#### PROBLEM TO WORK ON:
The data below holds a line containing "Count four —" and a line containing "Match the white"; please quote exactly those two lines and every line between them, and nothing else.

#### EXTRACTED MATERIAL:
# # # # # # #

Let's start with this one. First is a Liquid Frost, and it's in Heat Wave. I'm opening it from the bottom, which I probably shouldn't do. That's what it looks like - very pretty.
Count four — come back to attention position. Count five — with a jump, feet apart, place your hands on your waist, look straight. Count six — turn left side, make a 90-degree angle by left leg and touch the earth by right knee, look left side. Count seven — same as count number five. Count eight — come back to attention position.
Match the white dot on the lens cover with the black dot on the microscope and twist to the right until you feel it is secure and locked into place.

# # # # # # #

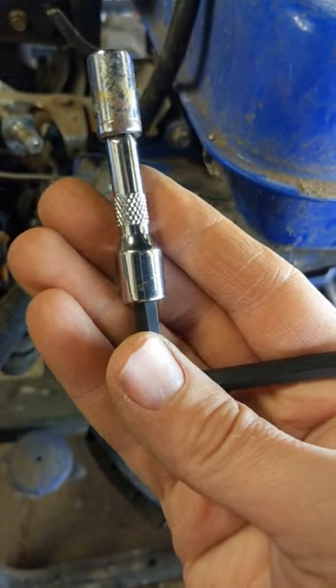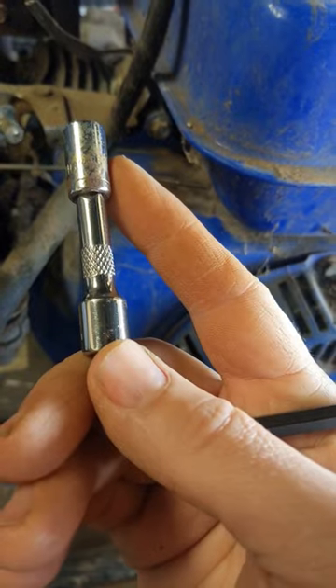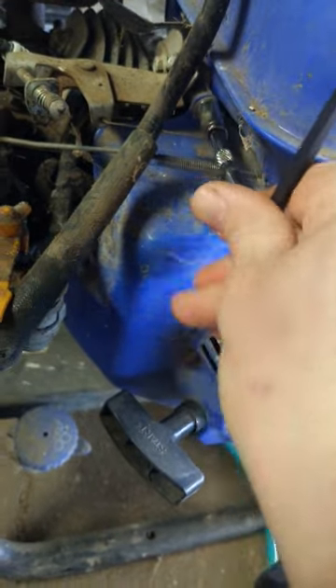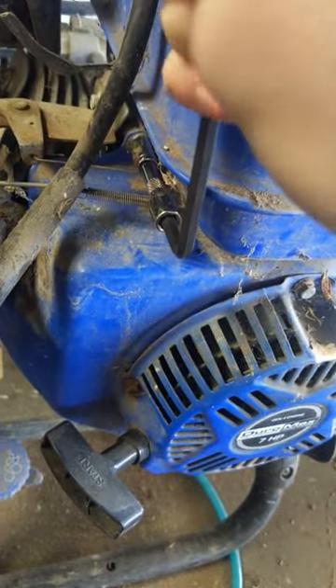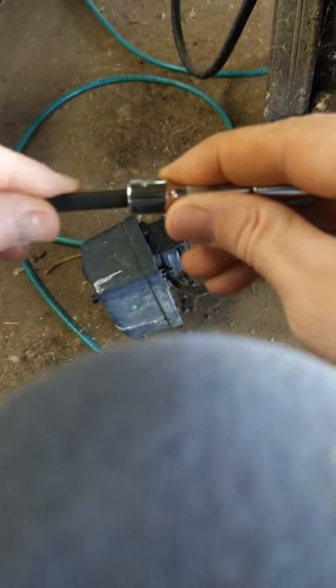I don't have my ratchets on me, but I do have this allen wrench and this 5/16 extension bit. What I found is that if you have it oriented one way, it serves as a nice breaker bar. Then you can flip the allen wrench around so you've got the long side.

# # # # # # #

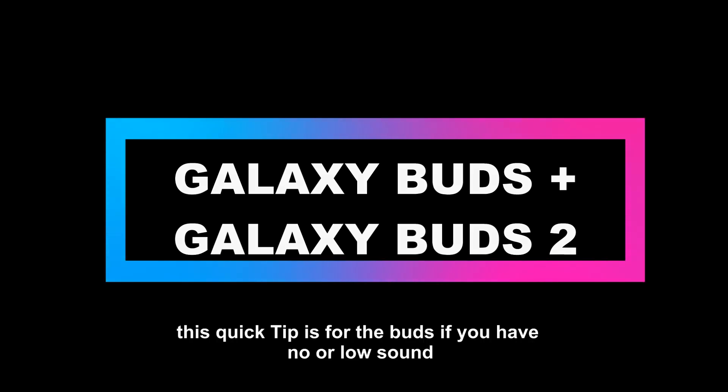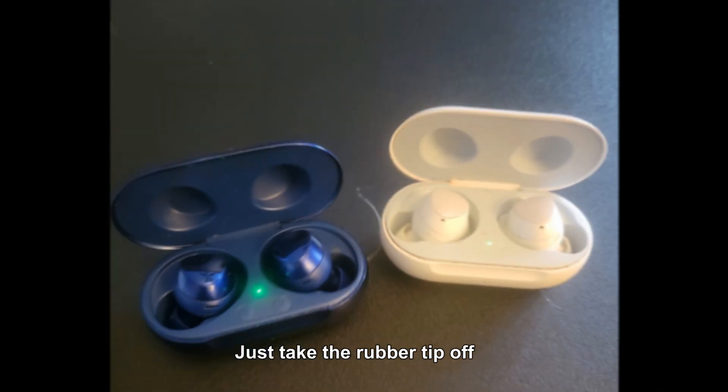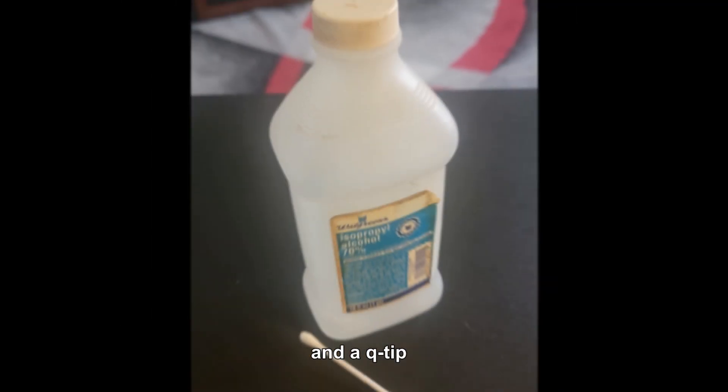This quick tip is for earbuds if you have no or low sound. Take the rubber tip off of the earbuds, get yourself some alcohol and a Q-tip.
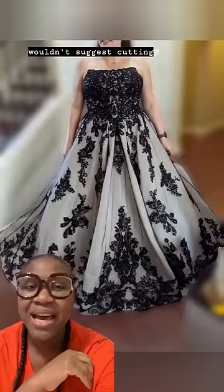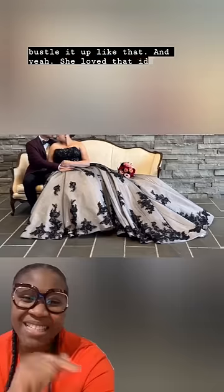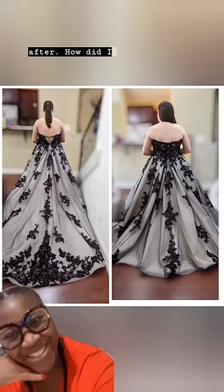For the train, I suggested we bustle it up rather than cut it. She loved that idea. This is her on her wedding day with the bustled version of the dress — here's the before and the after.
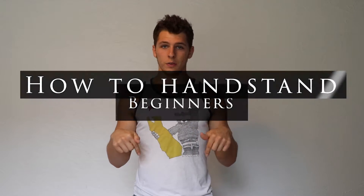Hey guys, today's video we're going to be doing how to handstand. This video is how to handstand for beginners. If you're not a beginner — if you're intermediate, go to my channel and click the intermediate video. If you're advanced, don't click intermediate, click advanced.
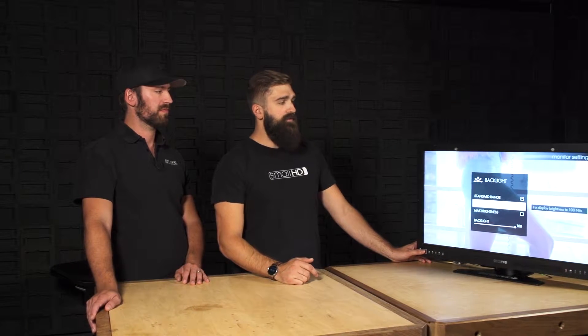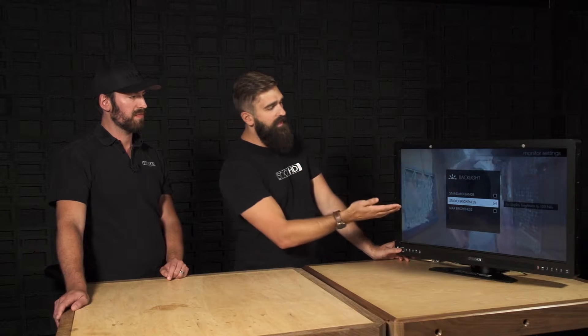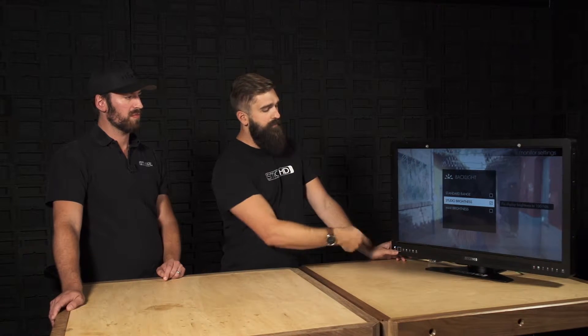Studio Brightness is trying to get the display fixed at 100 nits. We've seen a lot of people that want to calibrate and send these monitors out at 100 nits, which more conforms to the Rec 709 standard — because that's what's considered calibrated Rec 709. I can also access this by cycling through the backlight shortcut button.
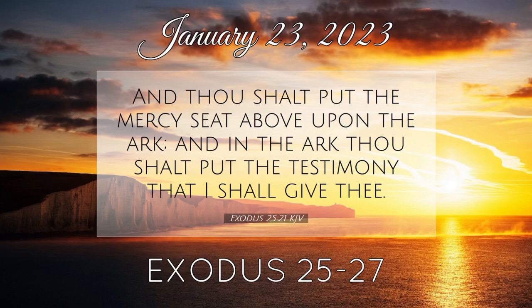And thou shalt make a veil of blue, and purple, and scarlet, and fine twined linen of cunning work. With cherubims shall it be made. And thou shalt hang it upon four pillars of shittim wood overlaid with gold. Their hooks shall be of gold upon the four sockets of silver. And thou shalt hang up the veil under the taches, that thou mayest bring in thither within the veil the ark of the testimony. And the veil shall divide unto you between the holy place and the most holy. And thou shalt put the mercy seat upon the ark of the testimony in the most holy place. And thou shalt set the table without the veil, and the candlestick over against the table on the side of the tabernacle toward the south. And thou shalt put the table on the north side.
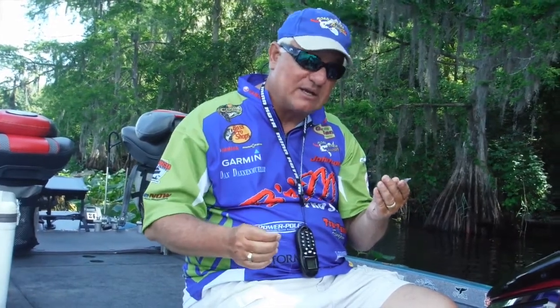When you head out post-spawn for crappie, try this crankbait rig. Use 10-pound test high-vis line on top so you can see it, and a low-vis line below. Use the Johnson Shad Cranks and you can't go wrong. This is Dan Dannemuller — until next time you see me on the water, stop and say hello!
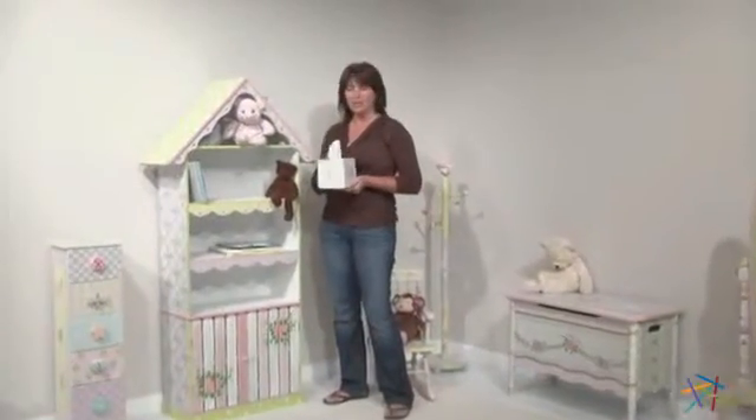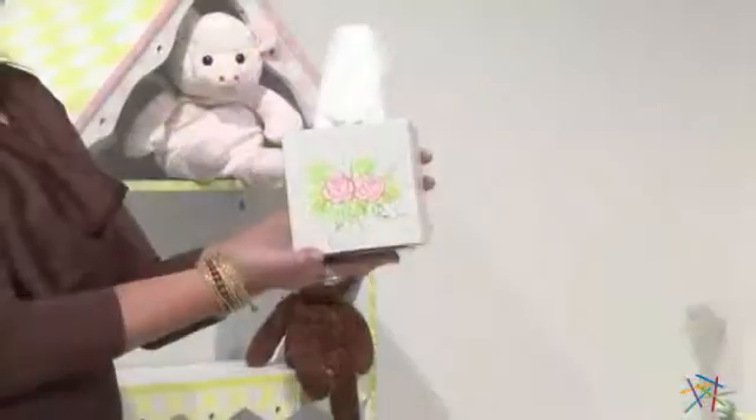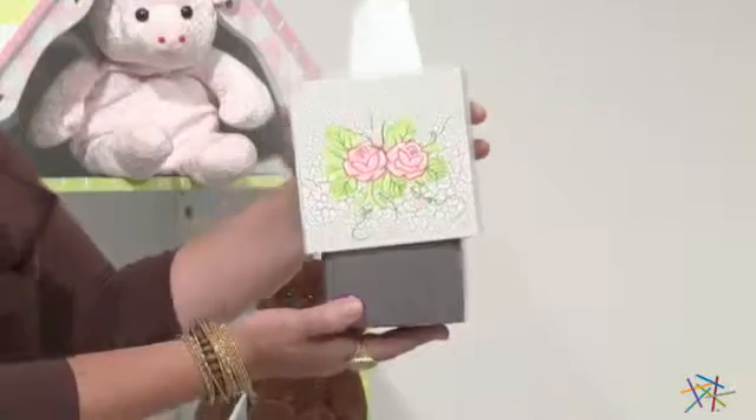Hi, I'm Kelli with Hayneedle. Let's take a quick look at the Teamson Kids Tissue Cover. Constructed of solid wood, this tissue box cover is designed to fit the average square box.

# # # # # # #

#### YOUR SOLUTION:
Count four — come back to attention position. Count five — with a jump, feet apart, place your hands on your waist, look straight. Count six — turn left side, make a 90-degree angle by left leg and touch the earth by right knee, look left side. Count seven — same as count number five. Count eight — come back to attention position.
Match the white dot on the lens cover with the black dot on the microscope and twist to the right until you feel it is secure and locked into place.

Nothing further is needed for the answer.